Innanzitutto, questo non è leggere: è costruire.
Ho affrontato Come è perché un amico me lo ha regalato su consiglio del mio libraio di fiducia. La prima edizione, tra l’altro: tradotta da Franco Quadri e uscita per Einaudi nel 1965. L’ho iniziato il giorno stesso in cui l’ho ricevuto e l’ho finito nel giro di due settimane. Un tempo piuttosto lungo considerando che si tratta di circa centocinquanta pagine. Ma Come è richiede tempo: non per leggere, né per comprendere, ma perché si tratta di un tentativo di trapianto di pensiero. Nel monologo tripartito (Come è prima di Pim, Come è con Pim, Come è dopo Pim) una creatura di nome Bom, che striscia nel fango e se ne nutre, ne incontra un’altra uguale a lei: si chiama Pim. E per questo, perché esiste ed è uguale a lei, la tortura più che può, fino a che la seconda non se ne va lasciando il protagonista di nuovo solo. È la storia dell’odio, quello primordiale à la Sartre, che deriva dal non essere soli, dall’essere insieme in un mondo che vorremmo, nel profondo, tutto per noi. Ed è la storia dell’amore disperato, che deriva dall’essere purtroppo simili, terribilmente soli.

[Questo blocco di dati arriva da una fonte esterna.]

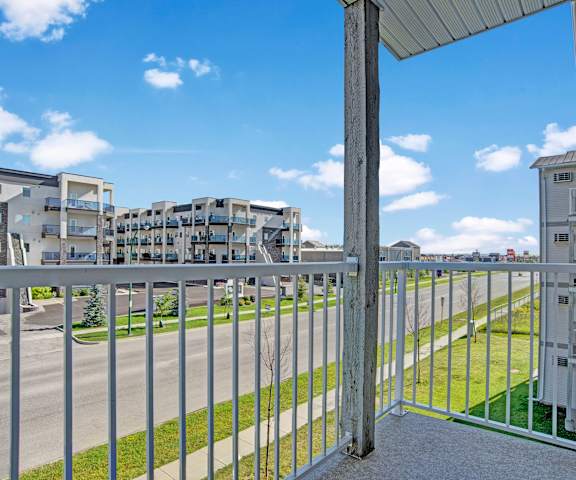 A wood, steel, and concrete balcony with a gorgeous view of the neighborhood at Windsor Terrace Apartment Homes. 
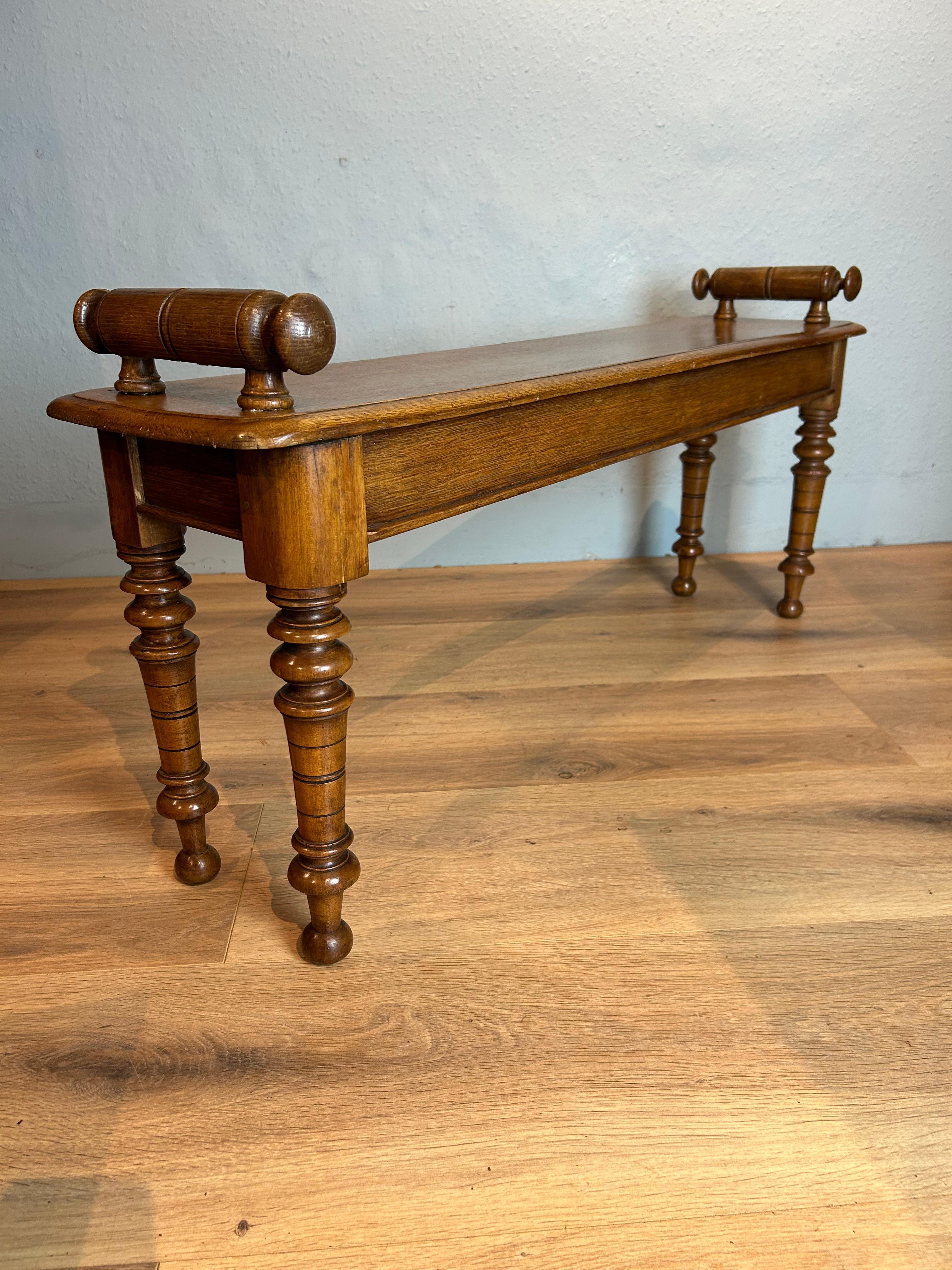 Antique English Victorian oak hall bench circa 1860 with raised bolster turned ends on a solid moulded seat resting on ornate turned legs with a pleasant honey colour.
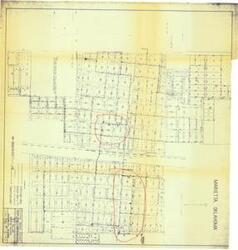 ["The document represents a map item is a watermain map of Marietta, Oklahoma and depicts the city's existing water supply system. Two areas of the map are circled in red ink. These areas contain the 1962 revisions of proposed fire hydrants, valves, and new mains. Watermain map (diazotype, blueline print); 34 9/16 x 35 5/8 inches; Annotations (circles; red, ink)."]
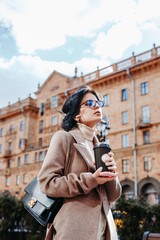 Beautiful elegant woman in sunglasses and coat with coffee in city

Beckett lo ha scritto in diciotto mesi. Mi sono chiesto, da aspirante scrittore, come possa configurarsi l’esperienza di scrittura di un romanzo del genere. Penso sia stato un ascolto: non il tendere l’orecchio al suono delle nostre corde più profonde; ma un orecchio esperto, quello di un accordatore che cerca scientificamente di riportare al La la corda di un pianoforte, affidandosi solo alla vibrazione intransigente del diapason. Ne risulta una melma di parole, un muco senza grammatica, senza interpunzione, un lessico ridotto alle ossa. Il libro è un organo: l’esploso dell’apparato pensante di Bom, dove si scorgono cellule specializzate che ne compongono la microarchitettura sotto forma di paragrafi brevi, di massimo dieci righe.

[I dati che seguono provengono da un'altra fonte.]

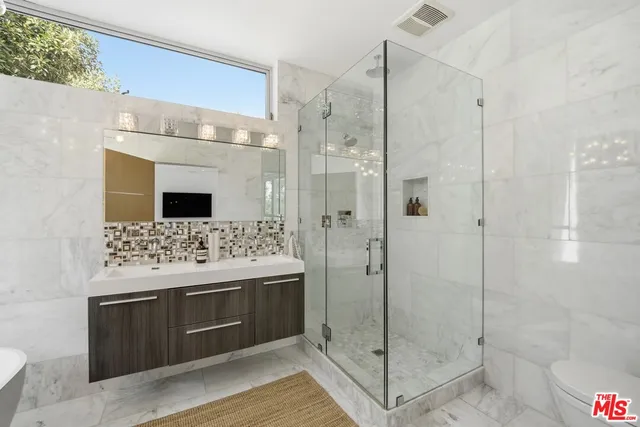 a bathroom with a shower sink and mirror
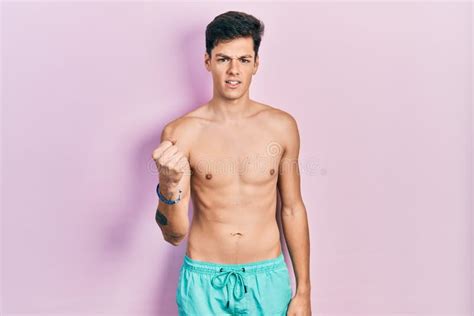 Young Hispanic Man Wearing Swimwear Shirtless Angry And Mad Raising Fist Frustrated And Furious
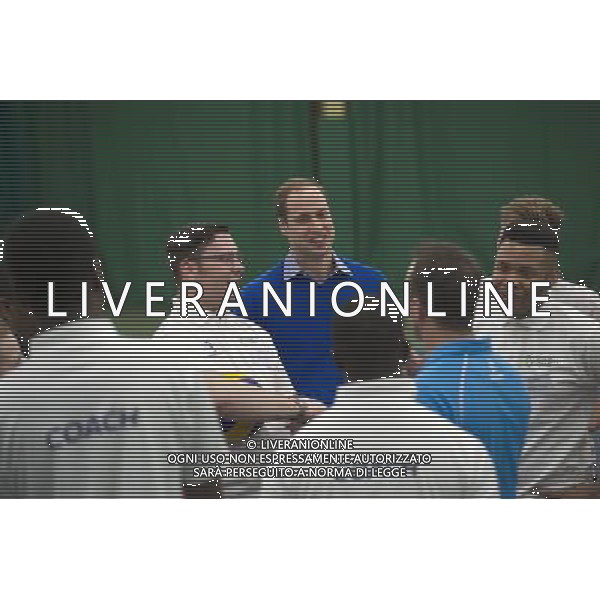 The Duke of Cambridge, as Patron of The Royal Foundation of The Duke and Duchess of Cambridge and Prince Harry, will visit a Coach Core apprentice training session at Westway Sports Centre. The Duke and Duchess of Cambridge and Prince Harry launched their Coach Core programme in July 2012 the day prior to the London Olympics. Coach Core provides an intense programme of training to 16-24 year olds, many from disadvantaged social backgrounds, to become qualified sports coaches who can inspire their peers. The project aspires to guide the apprentices into meaningful employment and enable them to commit to a sustained involvement in sports coaching in their communities. The first cohort of apprentice coaches are now nearing the end of their training and most will graduate from the project in February 2014. London ©PHOTOSHOT/AGENZIA ALDO LIVERANI SAS - ITALY ONLY - EDITORIAL USE ONLY - REALI INGLESI: Il principe William d\'inghilterra, durante un allenamento di formazione per apprendisti Allenatori al centro sportivo Westway a Londra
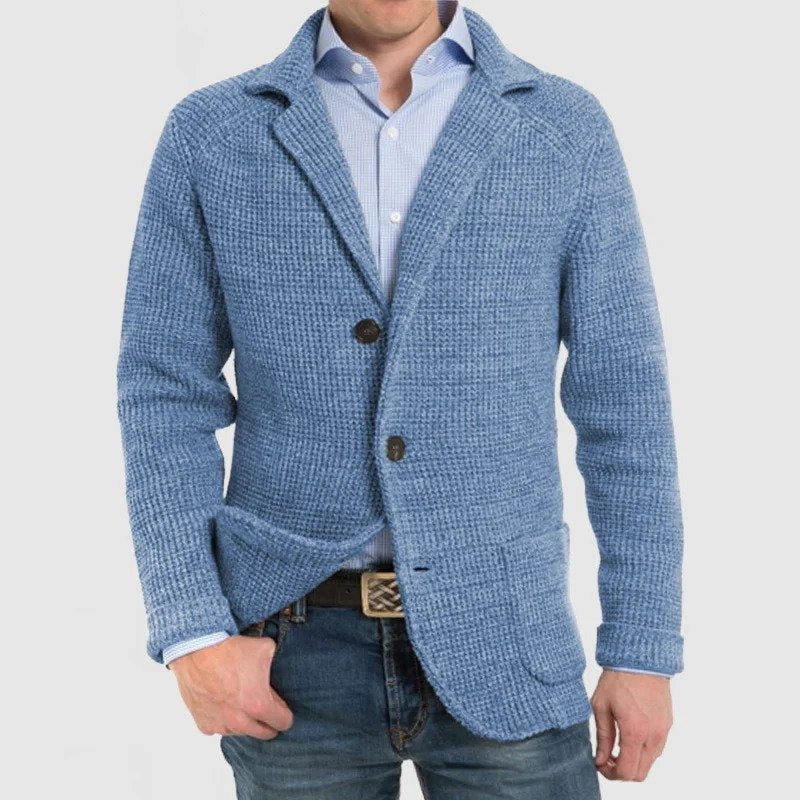 Giacca uomo blu in maglia, stile casual, con bottoni e tasche frontali, indossata su camicia azzurra e jeans. Moda maschile elegante.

Non è un flusso di coscienza: quello risiede nell’inconscio e non è esatto – non tende a qualcosa di precisato. Piuttosto, è il fiume prelogico di termini da smistare, ma anche la casistica che si instaura tra la scelta di due termini simili, appartenenti allo stesso campo semantico, ma comunque differenti. È ciò che abbiamo a disposizione, insomma: la pietra e il bastone, l’acqua e l’argilla – la materia prima con cui costruire un pensiero. Beckett richiede questo: di prendere quanto è scritto e dare forma; non solo organizzare, ma anche aggiungere la struttura. Solo alcune frasi hanno un senso logico – isole nella melma. Compaiono e vengono ripetute più volte, come una sorta di ossessione; anzi: un’ossessiva campana d’allarme. Sono tutte correlate ai presentimenti, alle sensazioni, quasi sempre scaturite da dati oggettivi: “lo dico come lo sento”, “è di *termine generico* che si parla”, “qui c’è qualcosa che non va”, e, nelle pagine finali, un lapidario e vertiginoso “è giusto”.

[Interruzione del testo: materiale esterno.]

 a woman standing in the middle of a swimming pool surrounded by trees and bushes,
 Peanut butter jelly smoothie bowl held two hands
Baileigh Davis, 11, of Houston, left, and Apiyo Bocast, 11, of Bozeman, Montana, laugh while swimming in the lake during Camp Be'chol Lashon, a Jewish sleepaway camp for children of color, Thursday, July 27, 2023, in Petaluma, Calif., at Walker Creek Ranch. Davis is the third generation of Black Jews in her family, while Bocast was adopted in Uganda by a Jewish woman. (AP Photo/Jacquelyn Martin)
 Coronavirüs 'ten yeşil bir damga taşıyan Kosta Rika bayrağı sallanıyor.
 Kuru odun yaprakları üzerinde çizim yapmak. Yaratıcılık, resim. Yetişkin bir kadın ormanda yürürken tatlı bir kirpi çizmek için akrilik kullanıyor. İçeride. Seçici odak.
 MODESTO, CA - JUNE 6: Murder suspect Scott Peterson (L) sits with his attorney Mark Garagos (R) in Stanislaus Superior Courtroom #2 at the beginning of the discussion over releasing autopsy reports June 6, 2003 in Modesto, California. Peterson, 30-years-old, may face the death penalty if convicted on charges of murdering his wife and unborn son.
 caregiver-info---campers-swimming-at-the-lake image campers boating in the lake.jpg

Come se la percezione e il senso fossero legati dalla necessità: in narrativa tutto deve avere una motivazione di esistere o di succedere perché il lettore deve credere a quello che legge. Viceversa, alla vita ci si crede per definizione, perché succede a prescindere che ci si creda o meno. In questo senso, Come è è un diario animale: perché è la sensazione di Bom, ciò che percepisce dall’ambiente in cui è letteralmente immerso, a rappresentare gli ultimi pilastri del senso e della logica perché arrivano prima e più chiaramente del pensiero stesso. È qualcosa di primordiale, di più istintivo, che Bom sente e ripete come un riflesso senza nemmeno interpretare fino in fondo quanto percepito. Infatti riprende immediatamente a parlare d’altro, portando avanti il discorso interrotto. Come un bambino che ascolta la frase e la ripete cercando di emulare il genitore che l’ha pronunciata; ma la storpia, traballa su quella cantilena, e ne gambizza le parole.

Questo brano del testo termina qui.